Livia Anne Hott, geboren 1991 in Saarbrücken, lebt in Bremen. 2015 erlangte sie einen B.A. in Kreativem Schreiben und Kulturjournalismus an der Universität Hildesheim und war währenddessen von 2014 bis 2015 Herausgeberin der Literaturzeitschrift BELLAtriste. Anschließend verbrachte sie zwei Jahre in Brighton, Großbritannien, und studierte im Anschluss ein Semester Physik an der Universität Leipzig.

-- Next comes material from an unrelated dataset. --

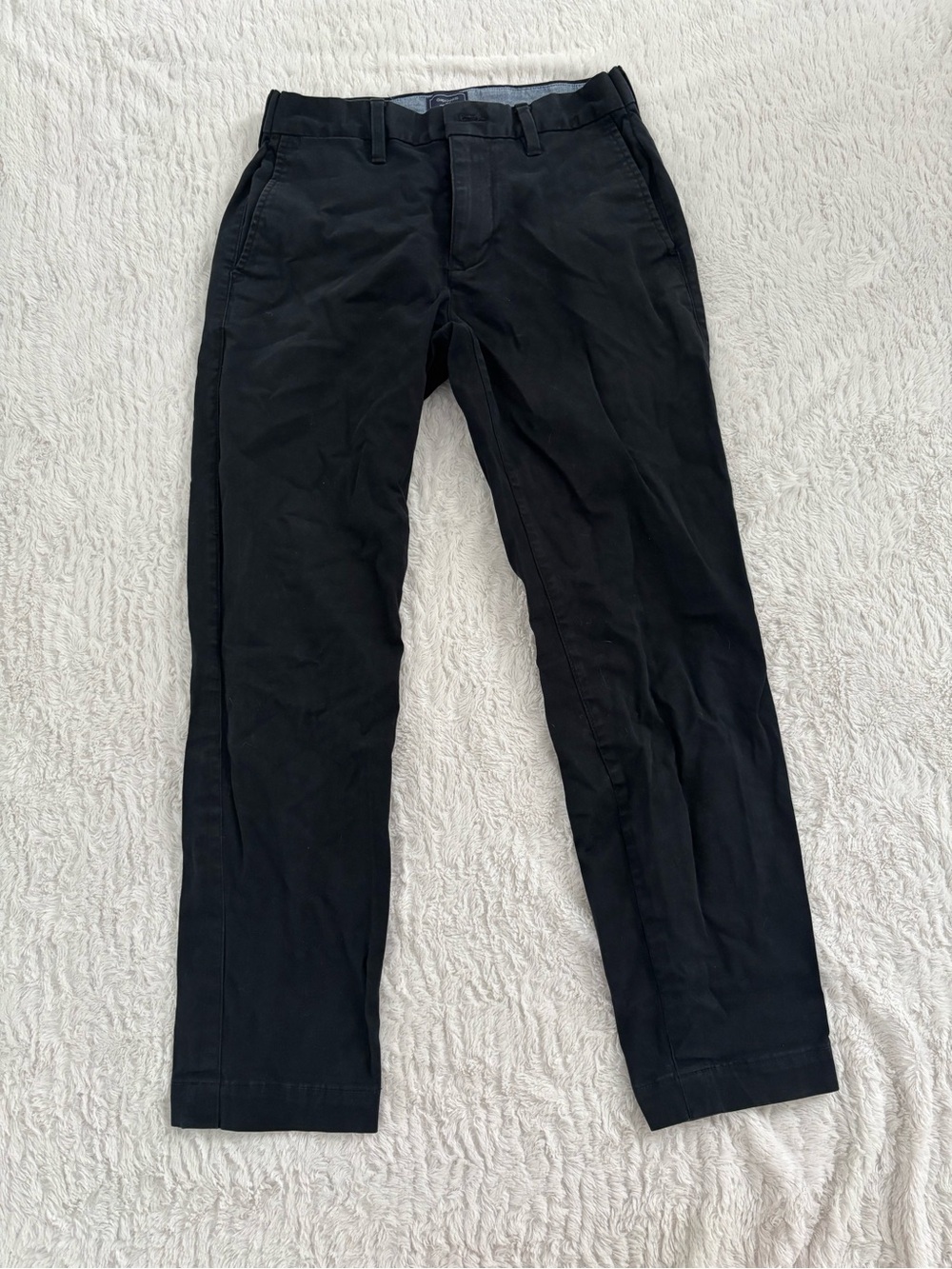 GAP Men's Black Chino Pants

2020 schloss sie einen B.Sc. in Biologie an der Universität Bremen ab, bevor sie 2021 einen sechsmonatigen Forschungsaufenthalt an der King Abdullah University of Science and Technology in Thuwal, Saudi-Arabien, absolvierte. 2025 schloss sie ihr Studium mit dem M.Sc. in Meeresbiologie ab.
Begründung der Jury
Nachwuchsstipendium
Im Zentrum von Livia Hotts Romanprojekt „Die Strömenden“ steht eine Expeditionsgruppe von vier Wissenschaftlerinnen auf einer tropischen Insel. Hier stoßen Naturgewalten auf innere Traumata und Gewalterfahrungen der Vergangenheit, die in Ausnahmesituationen wieder hervorbrechen. Die einzelnen Erzählstimmen der Individuen verbinden sich wie in einem Mosaik immer wieder zu einem Chor, der trotz der Unterschiedlichkeit der Erlebnisse, die gemeinsame Erfahrung des Frau-Seins spürbar macht. Der jungen Meeresbiologin Hott gelingt es auf dem Boden persönlicher Erfahrungen und Expertise, das wissenschaftliche Setting mit einer sinnlichen Wasserpoetik zu verknüpfen. Sie findet stimmige und poetische Bilder für die innere und äußere Welt, beschreibt die Atmosphäre in der Forschungsstation lebendig und arbeitet wissenschaftliche Details gekonnt ein. Die Jury war sowohl von der sprachlichen Finesse als auch der Motivik des Verschwindens unmittelbar überzeugt und hebt des Weiteren die gelungene Auseinandersetzung mit Umwelt- und Klimathemen besonders hervor.
Zur Jury 2025 gehören Dr. Alexandra Tacke (Leiterin des Referats 12 & Referentin für Literatur beim Senator für Kultur), Erwin Miedtke (Vorstand Bremer Literaturkontor), Annika Depping (Redakteurin Literaturmagazin Bremen & Geschäftsleitung virt. Literaturhaus), Sibille Hüholt (freie Dramaturgin & Buchhändlerin in der Buchhandlung Logbuch), Donka Dimova (Freie Autorin & Stipendiatin 2022).